U of T’s COVID dashboard currently reports three cases of COVID-19 that were in contact with the St. George campus at some point, and six total cases involving U of T community members.

SSHRC announced winners of PEG COVID-19 Special Initiative program

The Social Sciences and Humanities Research Council has revealed the latest recipients of funding for COVID-19 research through a special grant initiative. The special fund, folded into SSHRC’s existing Partnership Engage Grants program, was created last spring to support two competitions. This second and final round has awarded more than $2.5 million to 111 projects. SSHRC reports that the PEG COVID-19 Special Initiative has awarded more than $7.1 million in funding to nearly 300 research projects.

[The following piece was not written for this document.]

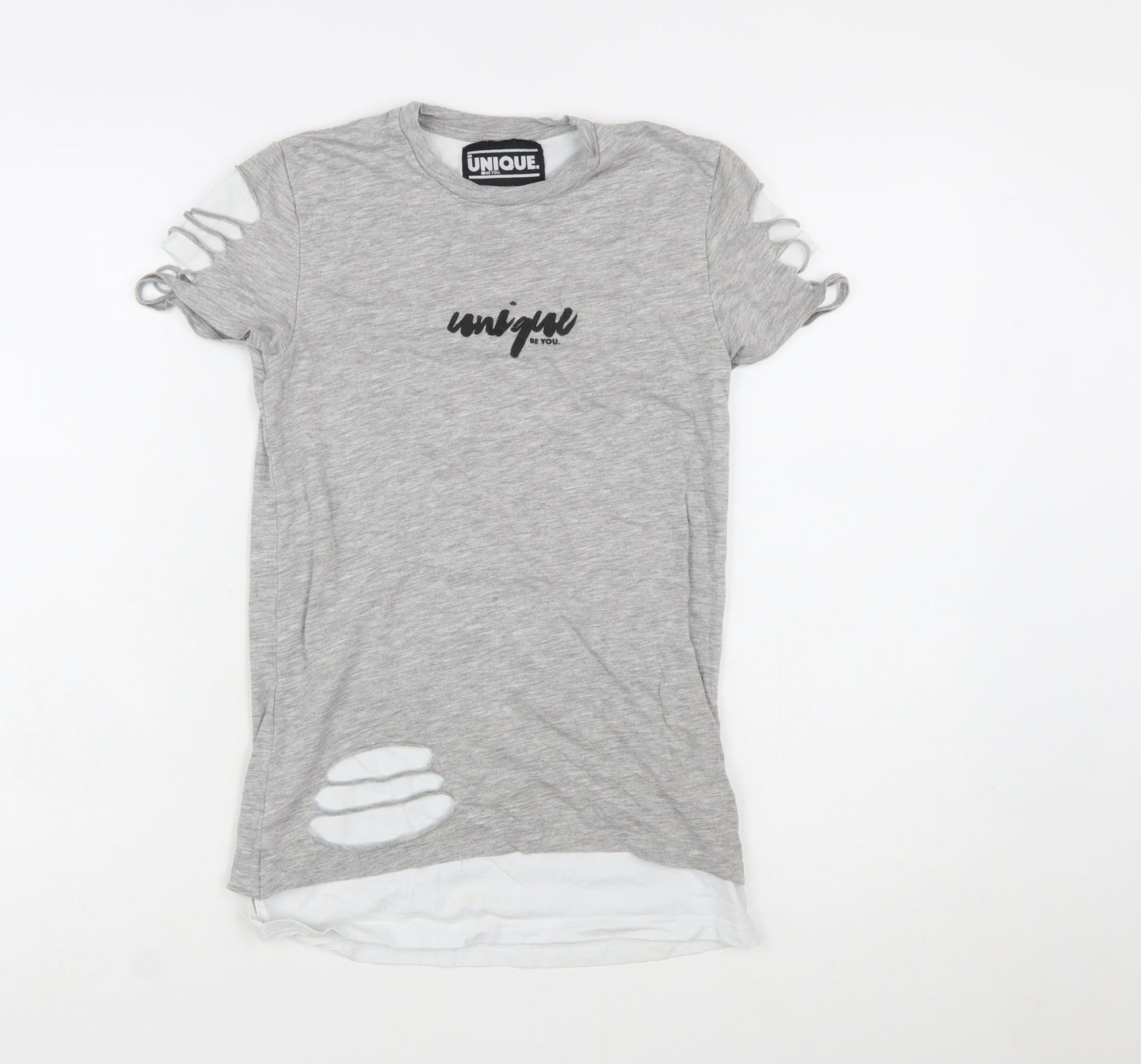 Unique Be You Womens Grey Distressed Short Sleeve T-Shirt 2XS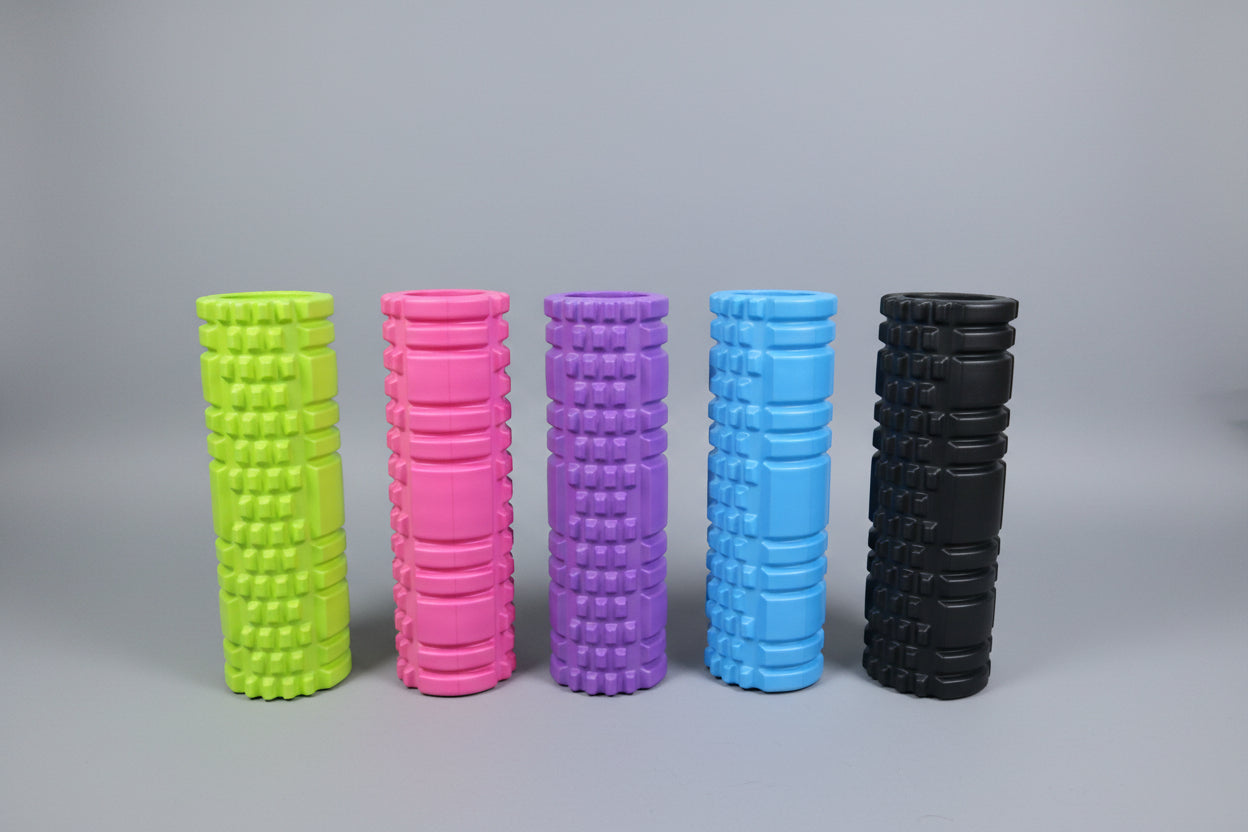 Set de rodillos de masaje con textura profunda en verde, fucsia, púrpura, azul y negro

One of the projects approved in this round of funding will examine how children and youth across Canada view the COVID-19 pandemic and how it has affected their well-being. The work will be conducted through a partnership between Brock University researcher Heather Ramey, Heather Lawford at Bishop’s University, UNICEF Canada and the Centre of Excellence for Youth Engagement at the Students Commission of Canada. A full list of the latest competition winners and descriptions of their projects can be viewed on the SSHRC website.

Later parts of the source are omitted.